# setting up a rescue charity



## toni1234 (6 October 2014)

hi there,

i am really hoping someone can help me. i am heart broken at the amount of horses and ponies that are being neglected as I'm sure all of you are too. I have looked into some rescue charities and they are struggling with room and therefore not being able to take horses on so therefore i would like to set up a rescue charity, if i could i would set up a rescue charity for all animals. so i am asking does anyone know how i go about this is there funding ect? I do not have a lot of money but i do however have time, determined and a absolute love for animals. 

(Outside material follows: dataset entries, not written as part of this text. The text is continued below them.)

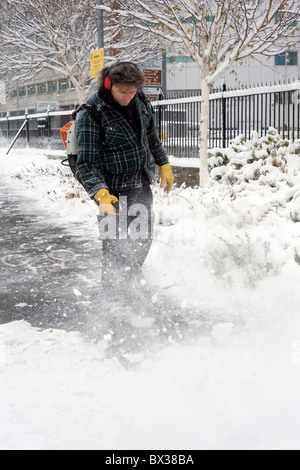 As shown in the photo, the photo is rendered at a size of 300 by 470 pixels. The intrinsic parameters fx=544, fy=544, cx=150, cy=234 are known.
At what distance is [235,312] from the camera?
432 cm

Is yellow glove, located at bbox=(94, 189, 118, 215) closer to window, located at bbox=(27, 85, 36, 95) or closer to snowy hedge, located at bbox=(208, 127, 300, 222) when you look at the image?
snowy hedge, located at bbox=(208, 127, 300, 222)

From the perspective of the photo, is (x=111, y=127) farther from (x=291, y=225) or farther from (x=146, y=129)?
(x=291, y=225)

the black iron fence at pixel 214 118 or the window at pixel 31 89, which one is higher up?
the window at pixel 31 89

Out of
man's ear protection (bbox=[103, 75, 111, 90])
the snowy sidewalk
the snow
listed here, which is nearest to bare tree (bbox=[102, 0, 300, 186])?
Answer: the snowy sidewalk

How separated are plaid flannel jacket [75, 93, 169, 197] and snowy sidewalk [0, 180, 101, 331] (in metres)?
1.12

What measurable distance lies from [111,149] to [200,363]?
169 cm

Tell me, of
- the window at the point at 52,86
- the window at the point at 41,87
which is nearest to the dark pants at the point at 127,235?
the window at the point at 52,86

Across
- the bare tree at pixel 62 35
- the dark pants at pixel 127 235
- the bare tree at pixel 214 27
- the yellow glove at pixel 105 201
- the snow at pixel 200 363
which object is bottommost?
the snow at pixel 200 363

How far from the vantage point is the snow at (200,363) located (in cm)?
258

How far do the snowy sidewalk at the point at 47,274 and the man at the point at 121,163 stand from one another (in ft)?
1.66

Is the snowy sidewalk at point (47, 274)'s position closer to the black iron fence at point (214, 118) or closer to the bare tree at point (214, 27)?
the bare tree at point (214, 27)

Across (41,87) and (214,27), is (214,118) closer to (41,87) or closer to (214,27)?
(214,27)

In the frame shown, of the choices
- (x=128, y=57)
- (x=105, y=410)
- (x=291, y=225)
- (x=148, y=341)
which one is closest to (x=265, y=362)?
(x=148, y=341)

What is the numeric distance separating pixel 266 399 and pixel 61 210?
25.0 ft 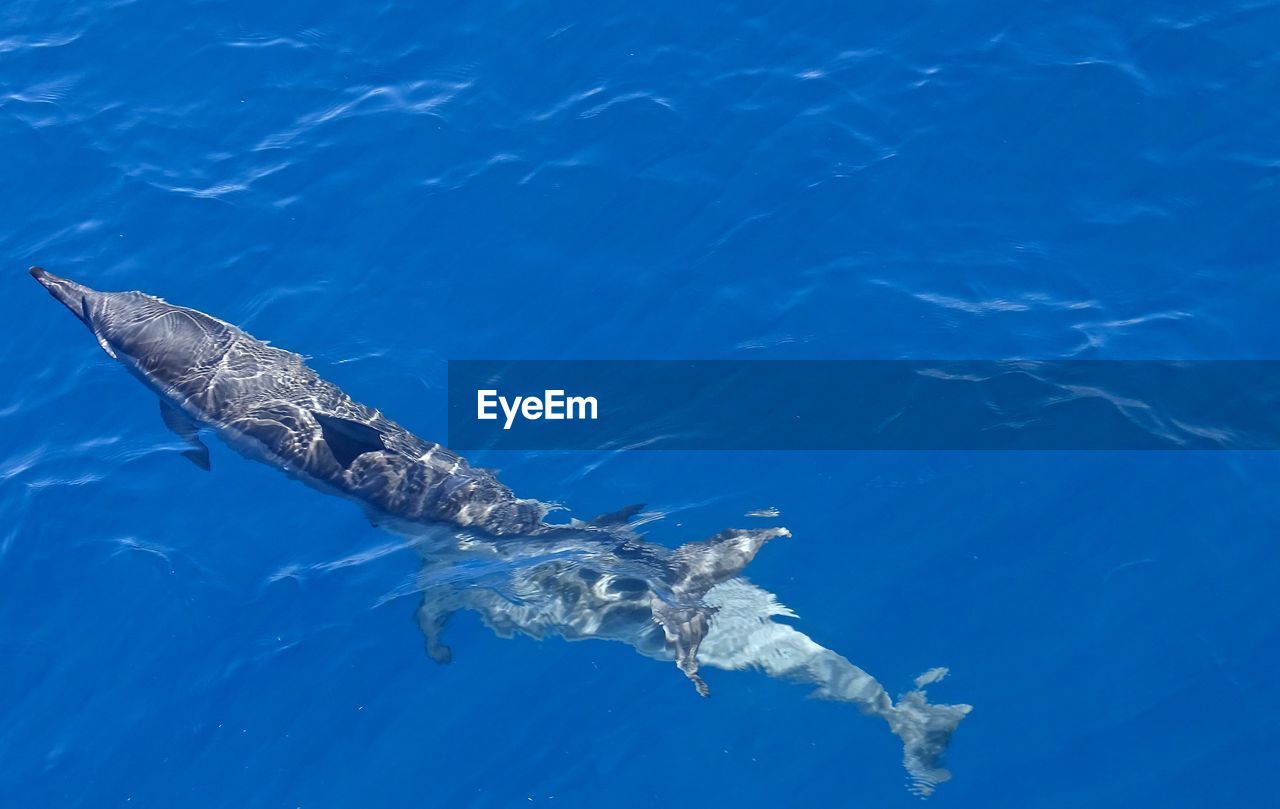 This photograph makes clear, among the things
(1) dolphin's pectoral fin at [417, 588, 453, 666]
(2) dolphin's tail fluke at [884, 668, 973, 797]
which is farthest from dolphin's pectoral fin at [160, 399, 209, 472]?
(2) dolphin's tail fluke at [884, 668, 973, 797]

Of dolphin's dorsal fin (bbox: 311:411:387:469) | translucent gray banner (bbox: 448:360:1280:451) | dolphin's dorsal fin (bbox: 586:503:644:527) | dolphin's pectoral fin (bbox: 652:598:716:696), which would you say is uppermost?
translucent gray banner (bbox: 448:360:1280:451)

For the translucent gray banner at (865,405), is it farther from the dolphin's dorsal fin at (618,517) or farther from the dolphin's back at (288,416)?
the dolphin's dorsal fin at (618,517)

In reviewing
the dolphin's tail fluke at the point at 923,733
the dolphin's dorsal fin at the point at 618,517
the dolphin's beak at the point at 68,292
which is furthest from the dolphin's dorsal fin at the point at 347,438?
the dolphin's tail fluke at the point at 923,733

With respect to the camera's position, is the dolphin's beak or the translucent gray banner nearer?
the translucent gray banner

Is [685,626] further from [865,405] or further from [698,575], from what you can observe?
[865,405]

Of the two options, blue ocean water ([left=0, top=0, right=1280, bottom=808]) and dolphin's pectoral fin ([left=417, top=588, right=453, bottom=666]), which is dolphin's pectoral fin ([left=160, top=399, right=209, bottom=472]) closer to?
blue ocean water ([left=0, top=0, right=1280, bottom=808])

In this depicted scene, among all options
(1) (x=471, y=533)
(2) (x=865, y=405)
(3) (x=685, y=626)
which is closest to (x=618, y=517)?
(3) (x=685, y=626)

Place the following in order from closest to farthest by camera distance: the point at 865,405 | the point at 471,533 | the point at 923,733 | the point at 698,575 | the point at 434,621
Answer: the point at 923,733, the point at 698,575, the point at 434,621, the point at 471,533, the point at 865,405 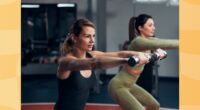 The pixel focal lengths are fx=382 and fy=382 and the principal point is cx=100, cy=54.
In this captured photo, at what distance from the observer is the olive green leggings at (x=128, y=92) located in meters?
2.20

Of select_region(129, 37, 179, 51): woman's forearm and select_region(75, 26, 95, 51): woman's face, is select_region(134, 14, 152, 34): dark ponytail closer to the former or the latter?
select_region(129, 37, 179, 51): woman's forearm

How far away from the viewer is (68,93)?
6.60 ft

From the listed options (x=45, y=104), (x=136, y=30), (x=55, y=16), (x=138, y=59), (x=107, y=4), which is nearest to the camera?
(x=138, y=59)

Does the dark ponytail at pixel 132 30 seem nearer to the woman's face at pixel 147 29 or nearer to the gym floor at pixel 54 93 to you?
the woman's face at pixel 147 29

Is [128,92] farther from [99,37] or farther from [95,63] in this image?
[99,37]

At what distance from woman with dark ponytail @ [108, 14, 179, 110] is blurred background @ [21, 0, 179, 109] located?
0.21 feet

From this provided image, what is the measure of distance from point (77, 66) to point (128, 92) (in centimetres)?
42

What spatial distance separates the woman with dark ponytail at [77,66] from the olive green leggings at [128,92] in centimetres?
22

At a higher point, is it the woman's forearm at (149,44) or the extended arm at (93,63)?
the woman's forearm at (149,44)

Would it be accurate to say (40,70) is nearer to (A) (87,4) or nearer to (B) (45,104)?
(B) (45,104)

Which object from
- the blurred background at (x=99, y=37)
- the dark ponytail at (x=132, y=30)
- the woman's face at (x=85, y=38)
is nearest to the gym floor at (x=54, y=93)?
the blurred background at (x=99, y=37)

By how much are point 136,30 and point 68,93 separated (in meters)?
0.55

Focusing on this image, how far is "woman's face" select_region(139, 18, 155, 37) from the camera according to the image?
2.20 m

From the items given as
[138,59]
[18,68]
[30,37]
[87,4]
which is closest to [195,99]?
[138,59] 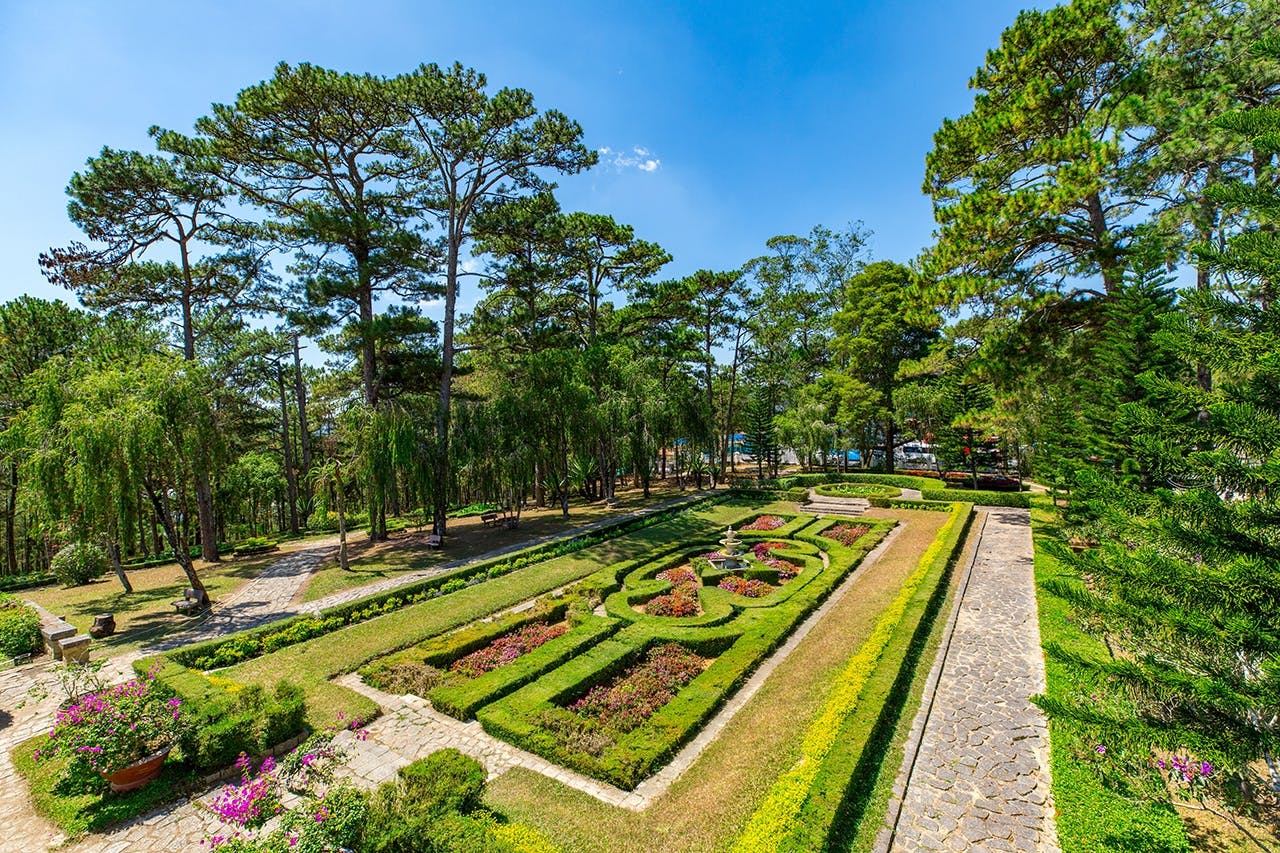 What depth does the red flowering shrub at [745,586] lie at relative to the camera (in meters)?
14.0

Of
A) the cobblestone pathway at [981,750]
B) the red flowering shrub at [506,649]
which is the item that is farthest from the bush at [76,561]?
the cobblestone pathway at [981,750]

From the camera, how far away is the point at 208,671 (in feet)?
34.6

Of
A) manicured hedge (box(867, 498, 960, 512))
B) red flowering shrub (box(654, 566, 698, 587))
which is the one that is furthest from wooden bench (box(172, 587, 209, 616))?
manicured hedge (box(867, 498, 960, 512))

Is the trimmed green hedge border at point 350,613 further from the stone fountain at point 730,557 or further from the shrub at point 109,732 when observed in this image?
the stone fountain at point 730,557

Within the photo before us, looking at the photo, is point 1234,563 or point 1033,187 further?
point 1033,187

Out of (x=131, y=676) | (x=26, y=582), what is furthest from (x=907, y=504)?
(x=26, y=582)

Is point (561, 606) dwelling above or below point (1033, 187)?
below

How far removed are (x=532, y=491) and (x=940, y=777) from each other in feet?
104

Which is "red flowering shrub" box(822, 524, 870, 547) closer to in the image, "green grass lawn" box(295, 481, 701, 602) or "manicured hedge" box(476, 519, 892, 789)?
"manicured hedge" box(476, 519, 892, 789)

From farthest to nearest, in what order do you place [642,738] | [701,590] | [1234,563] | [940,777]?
[701,590] → [642,738] → [940,777] → [1234,563]

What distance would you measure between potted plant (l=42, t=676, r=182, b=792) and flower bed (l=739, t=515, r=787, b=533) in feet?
61.3

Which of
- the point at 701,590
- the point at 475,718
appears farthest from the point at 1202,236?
the point at 475,718

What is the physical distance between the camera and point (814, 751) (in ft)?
22.7

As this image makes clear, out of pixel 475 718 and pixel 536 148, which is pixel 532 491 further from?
pixel 475 718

i will appreciate any information anyone can give me.

many Thanks
Toni


----------



## Penny Less (14 October 2014)

You need a lot of money.I recommend you contact a local charity and get advice. Most charities are struggling for cash at the moment.
The only funding available I believe is what you gather in donations.


----------



## JillA (14 October 2014)

I take in rescues, and began by working with a small local charity. I own my own land - unless you do you are up against it from the start, because you will have to pay rent before anything else. There will be feed, hay, vet and farrier to pay, and no, there is no funding other than what you can generate yourself, and you have to have a fairly thick skin. What happens if you have run out of money and an animal needs expensive feed or treatment? You dip into your own pockets, which I have to do all the time. None of my local vets or dentists give me any kind of reduction in fees because of the rescues, although my farrier did, as he was a friend, but he still had to be paid. I got a small amount of feed from a local company but they need something in return - usually publicity. I used the local press and radio to ask for help, but there wasn't a lot forthcoming, and volunteers come to help until they get a better offer. It's hard. 
And what if you get hurt or ill? It is a real struggle on your own, not too bad if you have supportive friends and family, but it still isn't easy unless you have very very deep pockets and your own land. 
What will you do with the dozens of requests you get from people to "take the pony they can no longer afford"? You will be knee deep in them and then what? Do you look for loan homes, keep them forever, what? I currently have at least two who aren't rehomable (and I won't take any with a poor prospect of being homed, I can't care for them all, and I advise owners it is kinder to PTS) so I can't just give up when it all gets too much for me.
It is a wonderful thing to be able to do but it does need thinking through very very carefully - horses can live to 30+ these days. Look for a local sanctuary and do your apprenticeship by volunteering for them on a regular basis, then you will see it from the inside  and will learn the skills you need to rehab neglected animals. Good luck but it isn't easy.


----------



## paddi22 (14 October 2014)

Unless you have a comfortable amount of money to cover feed, hay, bedding, rent of land, repairs, vets bills etc  (ie you are rich!) for the times you don't get in donations, then it's not feasable for you to set up your own rescue, even with the best of intentions. There is a rescue near us set up by a very kind-hearted person, but it struggles every month to stay open and that's not a great scenario for horses who have already had very unsettled lives. 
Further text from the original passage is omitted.